ChatGPT is undergoing Turbo upgrade


If you pay for ChatGPT, whether Plus, Team or Enterprise, GPT-4 Turbo is now better. In a post on X (formerly Twitter) last Thursday, OpenAI announced that the latest version of its GPT-4 Turbo model is now available to all paying ChatGPT users and includes some interesting updates.

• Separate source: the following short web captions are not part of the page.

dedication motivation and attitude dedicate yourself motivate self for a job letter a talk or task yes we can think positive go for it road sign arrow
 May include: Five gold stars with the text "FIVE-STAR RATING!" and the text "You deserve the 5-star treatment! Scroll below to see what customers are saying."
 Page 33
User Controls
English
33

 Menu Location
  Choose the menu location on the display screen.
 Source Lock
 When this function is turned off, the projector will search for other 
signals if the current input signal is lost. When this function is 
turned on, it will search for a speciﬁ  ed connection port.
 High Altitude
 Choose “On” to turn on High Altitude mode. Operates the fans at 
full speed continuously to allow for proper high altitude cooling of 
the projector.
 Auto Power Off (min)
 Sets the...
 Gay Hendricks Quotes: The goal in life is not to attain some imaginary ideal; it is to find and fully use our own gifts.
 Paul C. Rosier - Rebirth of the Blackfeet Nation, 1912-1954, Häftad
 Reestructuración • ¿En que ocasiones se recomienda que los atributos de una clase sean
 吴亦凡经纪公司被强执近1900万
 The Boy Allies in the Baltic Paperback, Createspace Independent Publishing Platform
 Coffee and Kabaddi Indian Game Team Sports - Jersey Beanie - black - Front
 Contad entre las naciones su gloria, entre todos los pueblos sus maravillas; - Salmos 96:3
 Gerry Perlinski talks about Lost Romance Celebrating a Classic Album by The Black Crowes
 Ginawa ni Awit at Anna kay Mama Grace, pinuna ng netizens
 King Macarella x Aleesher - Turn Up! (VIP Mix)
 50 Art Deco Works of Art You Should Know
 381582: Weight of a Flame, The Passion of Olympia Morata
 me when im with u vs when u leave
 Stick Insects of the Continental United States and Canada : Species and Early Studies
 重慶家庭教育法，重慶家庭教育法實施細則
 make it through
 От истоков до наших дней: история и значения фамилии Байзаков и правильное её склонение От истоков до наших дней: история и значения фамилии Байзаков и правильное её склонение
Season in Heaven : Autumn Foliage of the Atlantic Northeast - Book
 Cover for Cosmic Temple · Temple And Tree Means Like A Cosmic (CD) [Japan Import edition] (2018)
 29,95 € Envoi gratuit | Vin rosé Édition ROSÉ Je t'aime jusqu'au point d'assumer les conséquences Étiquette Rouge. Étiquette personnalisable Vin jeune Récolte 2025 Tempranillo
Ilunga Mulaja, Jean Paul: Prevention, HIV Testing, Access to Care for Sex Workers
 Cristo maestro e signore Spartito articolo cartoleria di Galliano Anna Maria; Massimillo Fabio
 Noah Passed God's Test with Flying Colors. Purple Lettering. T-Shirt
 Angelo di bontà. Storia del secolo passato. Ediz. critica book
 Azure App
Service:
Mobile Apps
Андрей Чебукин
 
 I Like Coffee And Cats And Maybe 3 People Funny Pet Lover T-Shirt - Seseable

So, what's new? This is all a bit general, but OpenAI says the latest version of GPT-4 Turbo now performs better in writing, math, logical reasoning, and coding. As you can see from the chart in the announcement post, the April 9th ​​version of GPT-4 Turbo is an improvement over the January 25th GPT-4 Turbo of this year in almost every category. Some metrics are more eye-catching than others: the biggest jumps occur in GPQA, an AI benchmark on scientific datasets, where GPT-Turbo improves from 39.7% to 49.1%; and in the MATH benchmark, which improves from 64.2% to 72.2% .

Interestingly, one area where January's GPT-4 Turbo model outperformed April's was in the HumanEval test, which tests the LLM's ability to generate code: the former scored 88.2%, while the new model scored just 87.6%. It's a small difference, but an interesting step back that OpenAI doesn't address.

However, what OpenAI is particularly focused on is the overall improved experience with ChatGPT and the new GPT-Turbo, which is what users like me are most likely to notice. The company says that when you write using ChatGPT, the model's responses will be "more direct, concise, and use more conversational language." You can see this in the example OpenAI used in its post: it asked ChatGPT to generate a text message to remind a friend to RSVP for a birthday dinner invitation. January's GPT-4 Turbo model generated a lengthy response, and while still potentially useful, does yield artificial intelligence in some areas. However, the latest model generates a shorter, more casual reminder about RSVP.

Perhaps more importantly, GPT-4 Turbo's data set is as of December 2023. The previous version was stuck at April 2023, which meant it was missing an entire year of context. While the new GPT-4 Turbo knows nothing about 2024, unless it's connected to the internet, it knows about eight months more of current events than before.